By Joseph P. Flood and Divya A. Mani, Crimson Staff Writerss

“Do you support women’s rights?”

“Would you like to travel to Uganda?”

“Do you sing? You don’t have to. Just sign here!”

“Hey, can I talk to you for a minute?”

Welcome to the freshman activities fair, where first-years each September are accosted by a series of perky upperclass students who sound oddly like the Spare Change vendors and religious proselytizers they avoid in the Square.

The activities fair for the Class of 2006 last week was no different. The attempt of nine first-years to navigate the fair as a group fell apart in minutes: Three veered off toward the musical organizations, another made straight for the Undergraduate Council table and, one by one, the remaining stalwarts fell victim to the recruitment pitch du jour.

In some ways, the dizzying maze of the activities fair is an unsurprising sight on a campus where about 250 extracurricular groups exist and where new organizations are founded each year.

Joining and leading these groups is a way of life for many Harvard students—but whether that way of life is a healthy one is open to debate.

On The Go

Nearly 40 percent of undergraduates are involved in music or the arts and almost 60 percent are involved in public service activities at some level, according to the 2000-2001 Harvard College Report by Dean of the College Harry R. Lewis ’68.

Government concentrator Michael B. Jobbins ’04 is a case in point.

Jobbins—an officer in the prefect program, director for a Phillips Brooks House Association program, production manager for the Demon, president and founder of Harvard Lovers of the Garden State, term-time dorm crew worker, facebook designer and intramural representative for Pforzheimer House, and Institute of Politics and Harvard Model Congress member—says he routinely skips classwork and sleep to work on his extracurricular activities.

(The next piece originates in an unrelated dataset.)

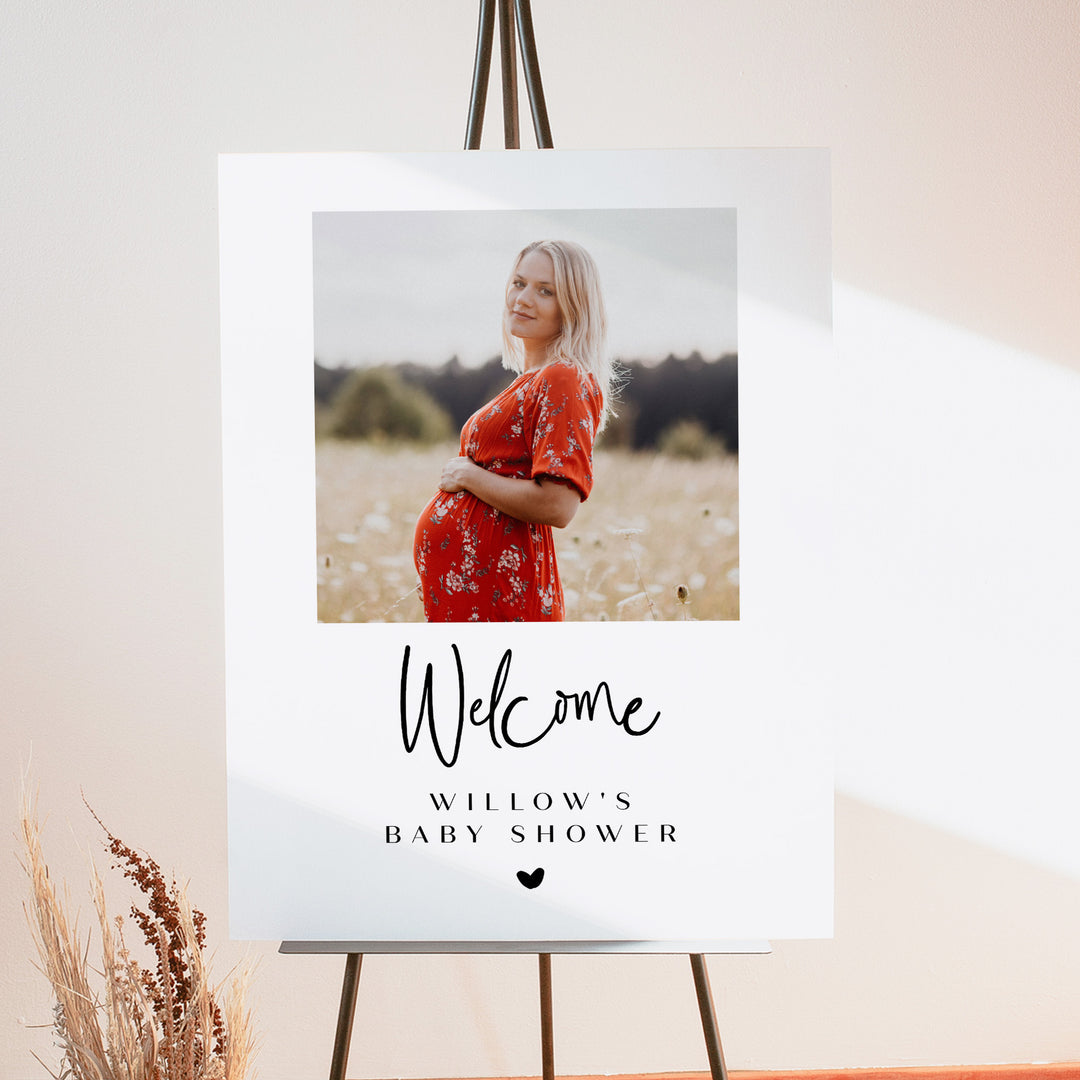 WILLOW Elegant Personalized Photo Baby Shower Welcome Sign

He rescheduled his interview with The Crimson last week to work PBHA’s introductory fair.

“When I went to the freshman activities fair, there were just so many things [I wanted to do],” Jobbins said. “What I tell my prefectees is that everyone signed up for things and quit. I just didn’t quit.”

While Jobbins’ extracurricular life may be more extensive than is the norm here, his approach to extracurriculars is common enough that Lewis encourages students to slow down and seek help for stress at the beginning of each year.

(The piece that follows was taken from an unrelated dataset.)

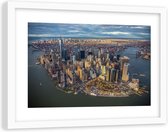 Foto in frame ,  New York vanuit de lucht  ,120x80cm , Multikleur , wanddecoratie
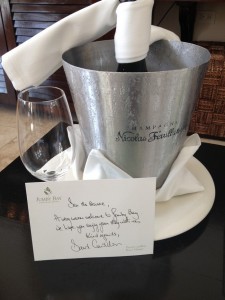 Champagne chills in a bucket of ice at Jumby Bay luxury resort in Antigua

Lewis advised students to choose one “major” and one “minor” activity in which to participate in a letter he wrote to incoming students this summer.

And in another letter, Lewis urged students to seek help and counseling for stress.

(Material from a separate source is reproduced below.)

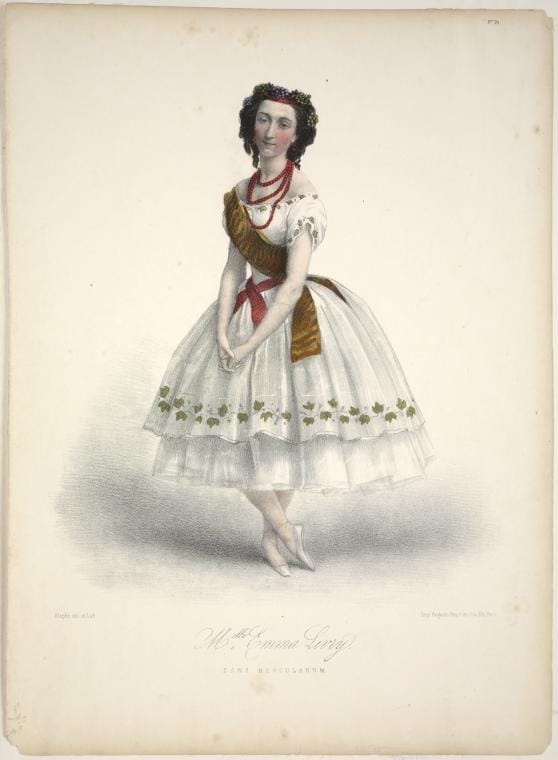 Art Print : Melle Emma Livry, Dans Herculanum. [Lithograph by Marie-Alexandre Alophe], 1860 - Vintage Wall Art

“Harvard students complain of being ‘overwhelmed’ on too regular a basis,” the letter reads. “[A] survey last year showed a third of students felt overwhelmed at least 11 times during the prior school year, an average of more than once a month.”

Running on Empty

Harvard is densely peopled with students like Jobbins who fill their days with time-consuming extracurriculars, maintaining the hectic high school schedules that helped them get into college.

Such “joiners” are almost compulsively busy: They can’t say no to a project that interests them, they rarely—if ever—back out on a commitment and they regard sleep, leisure and other hallmarks of a healthy lifestyle as bargaining chips in the war against their limited time.

Dean of Admissions and Financial Aid William R. Fitzsimmons ’67 says these students are a product of the achievement-oriented culture that pressures young people to accomplish as much as possible, sometimes sacrificing happiness for the sake of success.

But once these students achieve what is often their ultimate goal, admittance into a prestigious college, why then do they continue to run themselves ragged?

Some students say they join activities to burnish their resumes and get pre-professional training, all in the hopes of securing that dream job. For others, however, a variety of short-term motivations replace the former goal of getting into college.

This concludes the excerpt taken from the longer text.